• _Material to process_:

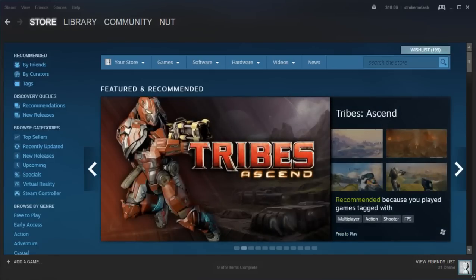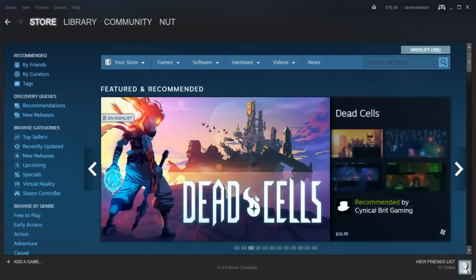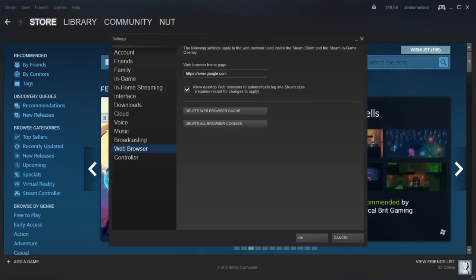So what you're going to want to do is go to your settings. Here we go, it's at the top left by the Steam, you just click settings.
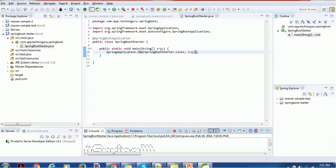To summarize, creating a Spring Boot project involves five steps: first, configure a parent (spring-boot-starter-parent); second, define dependencies (spring-boot-starter-web); third, set the JDK version; fourth, create a Java class annotated with @SpringBootApplication; and fifth, write a main method with SpringApplication.run(). I hope you enjoyed this tutorial. If you have any questions, please mention them in the comment section. Thank you for watching!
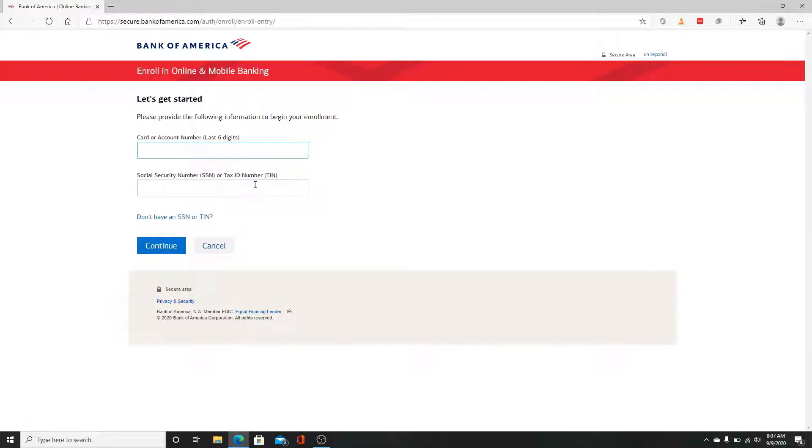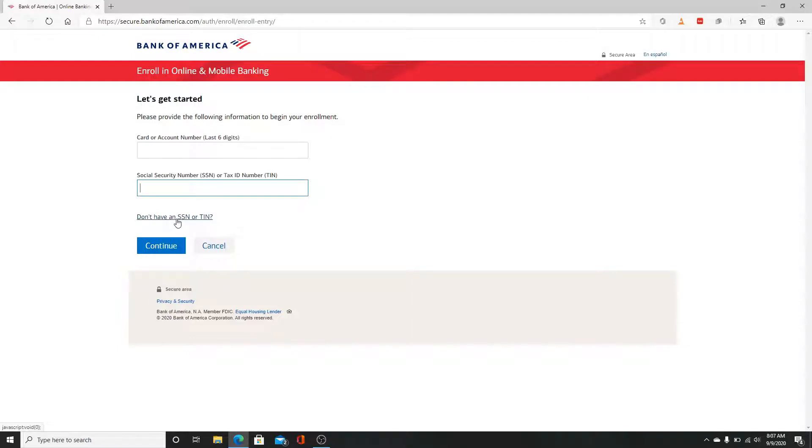If you don't have a Social Security number, click on 'Don't have a Social Security number.' After you fill in everything, click on the Continue button and finish signing up for Bank of America. Pretty simple and easy.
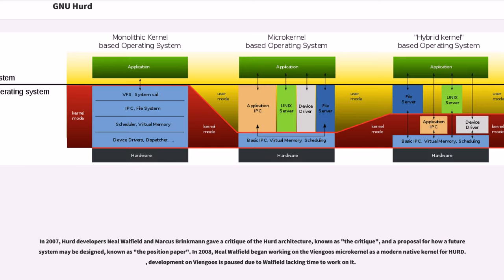In 2007, HERD developers Neal Walfield and Marcus Brinkmann gave a critique of the HERD architecture, known as the Critique, and a proposal for how a future system may be designed, known as the Position Paper.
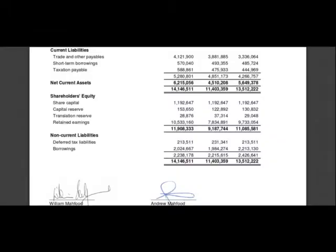Now let's look at Wysinko's liabilities. The liabilities are typically those things considered to be owed by the company. If you look at the liabilities of Wysinko, you'll also notice that they're split into current liabilities and non-current liabilities. The current liabilities are those things that the company owes and are actually due within the next 12 months from the date that the balance sheet is produced.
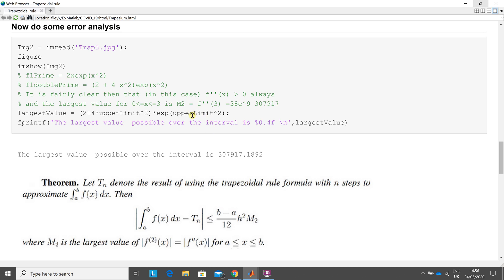Sorry, I said something slightly misleading there. And to get the largest value, apologies for that, that's later on, is f double prime.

• _Activity_: Starting from the line that contains "In 2007, HERD", transcribe exactly each line down to the final line of the material above, excluding every picture and adding nothing else.

• _Response to the exercise_:
In 2007, HERD developers Neal Walfield and Marcus Brinkmann gave a critique of the HERD architecture, known as the Critique, and a proposal for how a future system may be designed, known as the Position Paper.
Now let's look at Wysinko's liabilities. The liabilities are typically those things considered to be owed by the company. If you look at the liabilities of Wysinko, you'll also notice that they're split into current liabilities and non-current liabilities. The current liabilities are those things that the company owes and are actually due within the next 12 months from the date that the balance sheet is produced.
Sorry, I said something slightly misleading there. And to get the largest value, apologies for that, that's later on, is f double prime.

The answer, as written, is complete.